Humankind has reached a notable milestone this week, though it’s not one to celebrate. For the first time in history, human-made materials now outweigh all life on Earth, meaning that humanity’s footprint is actually heavier than that of the entire natural world. According to a new study in Nature, the weight of human-made buildings, roads, and other manufactured materials currently weighs 1.1 trillion tons, and doubles about every 20 years.
The study showed that at the start of the 20th century, the mass of human-produced objects was equivalent to only three percent of the weight of Earth’s total biomass. Since the post-World War II production boom, however, the manufacturing increase has been immense, rapidly increasing the mass of human-made materials.

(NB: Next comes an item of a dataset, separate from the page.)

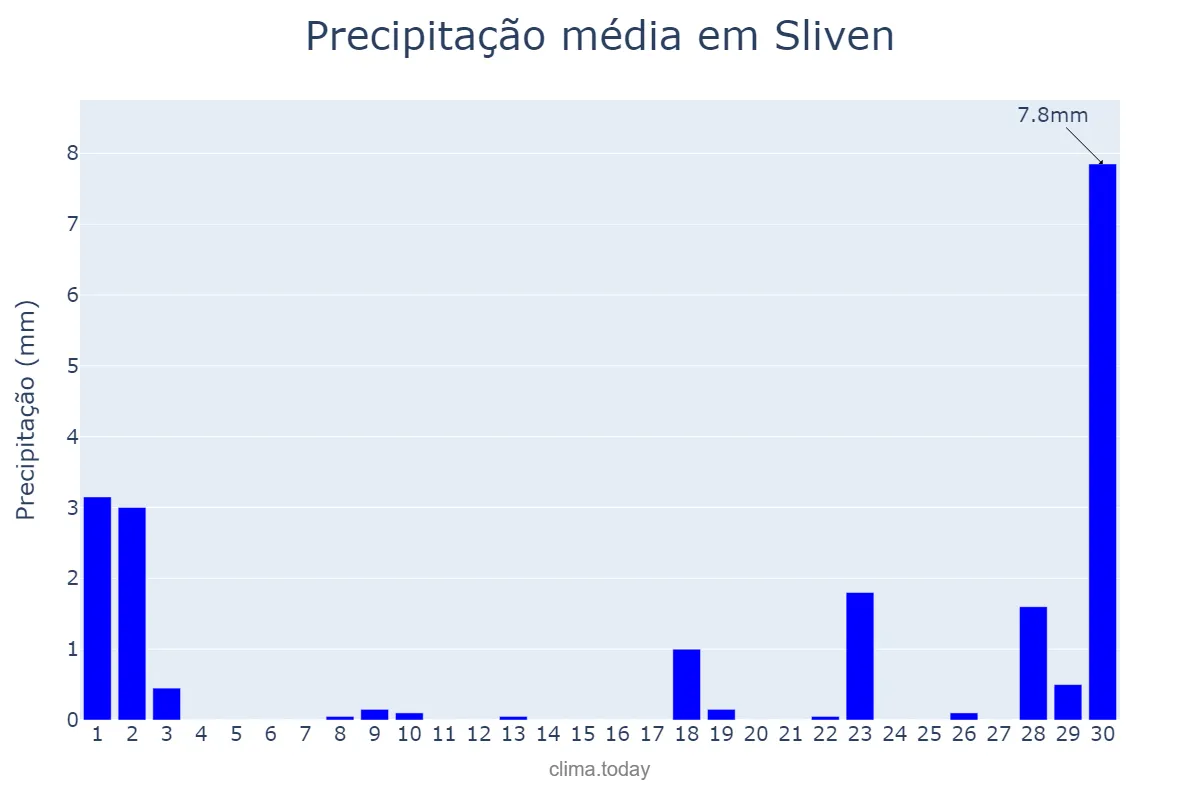 Precipitação em novembro em Sliven, Sliven, BG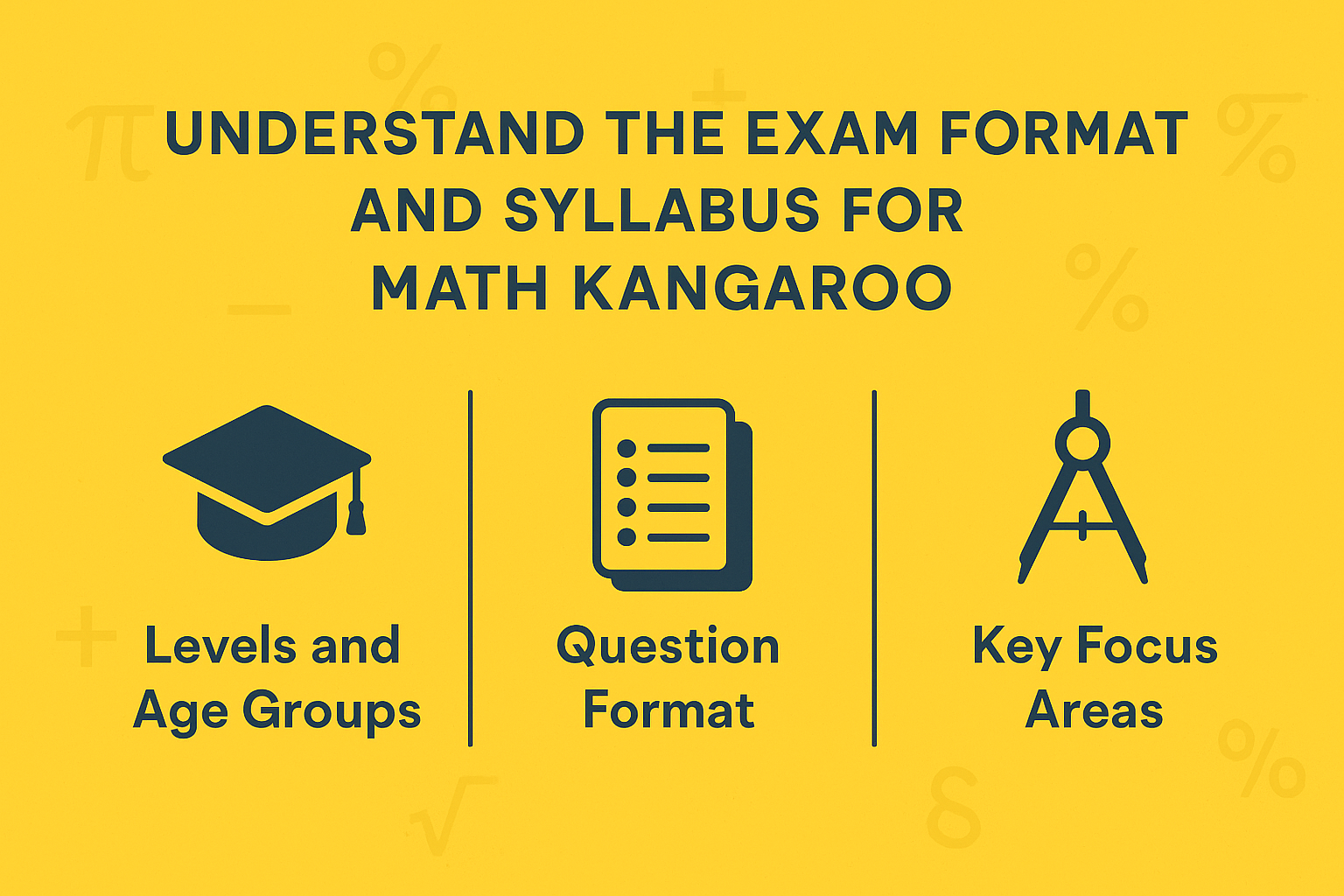How Can I Prepare for Math Kangaroo Effectively? 2 Understand the Exam Format and Syllabus for Math Kangaroo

Ron Milo of Israel’s Weizmann Institute of Science, and one of the study’s co-authors, said, “This study provides a sort of ‘big picture’ snapshot of the planet in 2020. We hope that once we have these somewhat shocking figures before our eyes, we can as a species take responsibility.”
If the growth rate continues at the current pace, human-made materials are on track to weigh as much as three trillion tons by 2040. This is particularly troubling because natural biomass is declining.
Emily Elacham, the study’s lead author, told AFP that humanity “can no longer deny our central role in the natural world. We are already a major player and with that comes a shared responsibility.”